BRIEF
Each line below should be written out exactly, with none skipped.

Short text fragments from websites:
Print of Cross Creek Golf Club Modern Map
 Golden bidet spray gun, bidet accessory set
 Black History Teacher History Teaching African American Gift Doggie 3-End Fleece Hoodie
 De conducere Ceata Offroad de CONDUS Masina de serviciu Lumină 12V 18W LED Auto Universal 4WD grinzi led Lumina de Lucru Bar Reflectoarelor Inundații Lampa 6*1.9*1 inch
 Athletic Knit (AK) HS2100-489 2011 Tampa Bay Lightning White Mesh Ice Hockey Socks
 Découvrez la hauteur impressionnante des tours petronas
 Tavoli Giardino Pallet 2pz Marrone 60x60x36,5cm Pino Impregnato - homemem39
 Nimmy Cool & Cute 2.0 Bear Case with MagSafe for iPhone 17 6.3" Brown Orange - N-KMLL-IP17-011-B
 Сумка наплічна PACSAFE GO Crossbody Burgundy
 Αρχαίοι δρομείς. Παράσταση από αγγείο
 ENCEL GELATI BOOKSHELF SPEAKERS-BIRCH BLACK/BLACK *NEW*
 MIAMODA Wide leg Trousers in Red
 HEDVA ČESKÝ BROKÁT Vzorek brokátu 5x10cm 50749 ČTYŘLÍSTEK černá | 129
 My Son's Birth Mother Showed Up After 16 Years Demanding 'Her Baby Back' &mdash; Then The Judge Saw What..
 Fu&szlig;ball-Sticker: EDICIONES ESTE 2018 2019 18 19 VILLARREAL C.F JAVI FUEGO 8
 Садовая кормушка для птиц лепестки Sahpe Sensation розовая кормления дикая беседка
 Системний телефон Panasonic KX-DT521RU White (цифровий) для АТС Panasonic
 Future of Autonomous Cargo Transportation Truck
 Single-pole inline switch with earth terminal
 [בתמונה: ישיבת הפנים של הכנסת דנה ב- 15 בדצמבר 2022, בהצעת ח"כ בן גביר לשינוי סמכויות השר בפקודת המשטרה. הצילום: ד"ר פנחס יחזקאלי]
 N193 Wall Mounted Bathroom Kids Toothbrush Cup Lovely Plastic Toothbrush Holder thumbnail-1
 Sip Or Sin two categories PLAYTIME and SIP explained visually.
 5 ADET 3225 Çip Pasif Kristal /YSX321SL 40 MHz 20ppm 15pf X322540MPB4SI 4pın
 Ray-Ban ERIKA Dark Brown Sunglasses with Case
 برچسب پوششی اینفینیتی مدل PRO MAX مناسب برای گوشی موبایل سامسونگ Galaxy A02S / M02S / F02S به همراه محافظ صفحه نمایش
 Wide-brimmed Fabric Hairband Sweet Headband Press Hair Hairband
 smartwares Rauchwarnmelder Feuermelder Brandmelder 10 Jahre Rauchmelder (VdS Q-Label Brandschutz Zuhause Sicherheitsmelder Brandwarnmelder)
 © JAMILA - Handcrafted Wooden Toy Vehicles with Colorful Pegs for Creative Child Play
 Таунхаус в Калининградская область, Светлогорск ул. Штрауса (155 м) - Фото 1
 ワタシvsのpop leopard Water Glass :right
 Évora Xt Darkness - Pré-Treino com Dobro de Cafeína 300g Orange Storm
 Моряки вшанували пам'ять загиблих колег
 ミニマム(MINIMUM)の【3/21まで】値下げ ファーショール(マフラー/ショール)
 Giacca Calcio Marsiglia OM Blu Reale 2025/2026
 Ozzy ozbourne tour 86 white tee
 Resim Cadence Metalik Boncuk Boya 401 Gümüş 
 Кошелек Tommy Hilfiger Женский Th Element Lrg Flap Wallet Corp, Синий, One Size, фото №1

EXERCISE ANSWER
Print of Cross Creek Golf Club Modern Map
 Golden bidet spray gun, bidet accessory set
 Black History Teacher History Teaching African American Gift Doggie 3-End Fleece Hoodie
 De conducere Ceata Offroad de CONDUS Masina de serviciu Lumină 12V 18W LED Auto Universal 4WD grinzi led Lumina de Lucru Bar Reflectoarelor Inundații Lampa 6*1.9*1 inch
 Athletic Knit (AK) HS2100-489 2011 Tampa Bay Lightning White Mesh Ice Hockey Socks
 Découvrez la hauteur impressionnante des tours petronas
 Tavoli Giardino Pallet 2pz Marrone 60x60x36,5cm Pino Impregnato - homemem39
 Nimmy Cool & Cute 2.0 Bear Case with MagSafe for iPhone 17 6.3" Brown Orange - N-KMLL-IP17-011-B
 Сумка наплічна PACSAFE GO Crossbody Burgundy
 Αρχαίοι δρομείς. Παράσταση από αγγείο
 ENCEL GELATI BOOKSHELF SPEAKERS-BIRCH BLACK/BLACK *NEW*
 MIAMODA Wide leg Trousers in Red
 HEDVA ČESKÝ BROKÁT Vzorek brokátu 5x10cm 50749 ČTYŘLÍSTEK černá | 129
 My Son's Birth Mother Showed Up After 16 Years Demanding 'Her Baby Back' &mdash; Then The Judge Saw What..
 Fu&szlig;ball-Sticker: EDICIONES ESTE 2018 2019 18 19 VILLARREAL C.F JAVI FUEGO 8
 Садовая кормушка для птиц лепестки Sahpe Sensation розовая кормления дикая беседка
 Системний телефон Panasonic KX-DT521RU White (цифровий) для АТС Panasonic
 Future of Autonomous Cargo Transportation Truck
 Single-pole inline switch with earth terminal
 [בתמונה: ישיבת הפנים של הכנסת דנה ב- 15 בדצמבר 2022, בהצעת ח"כ בן גביר לשינוי סמכויות השר בפקודת המשטרה. הצילום: ד"ר פנחס יחזקאלי]
 N193 Wall Mounted Bathroom Kids Toothbrush Cup Lovely Plastic Toothbrush Holder thumbnail-1
 Sip Or Sin two categories PLAYTIME and SIP explained visually.
 5 ADET 3225 Çip Pasif Kristal /YSX321SL 40 MHz 20ppm 15pf X322540MPB4SI 4pın
 Ray-Ban ERIKA Dark Brown Sunglasses with Case
 برچسب پوششی اینفینیتی مدل PRO MAX مناسب برای گوشی موبایل سامسونگ Galaxy A02S / M02S / F02S به همراه محافظ صفحه نمایش
 Wide-brimmed Fabric Hairband Sweet Headband Press Hair Hairband
 smartwares Rauchwarnmelder Feuermelder Brandmelder 10 Jahre Rauchmelder (VdS Q-Label Brandschutz Zuhause Sicherheitsmelder Brandwarnmelder)
 © JAMILA - Handcrafted Wooden Toy Vehicles with Colorful Pegs for Creative Child Play
 Таунхаус в Калининградская область, Светлогорск ул. Штрауса (155 м) - Фото 1
 ワタシvsのpop leopard Water Glass :right
 Évora Xt Darkness - Pré-Treino com Dobro de Cafeína 300g Orange Storm
 Моряки вшанували пам'ять загиблих колег
 ミニマム(MINIMUM)の【3/21まで】値下げ ファーショール(マフラー/ショール)
 Giacca Calcio Marsiglia OM Blu Reale 2025/2026
 Ozzy ozbourne tour 86 white tee
 Resim Cadence Metalik Boncuk Boya 401 Gümüş 
 Кошелек Tommy Hilfiger Женский Th Element Lrg Flap Wallet Corp, Синий, One Size, фото №1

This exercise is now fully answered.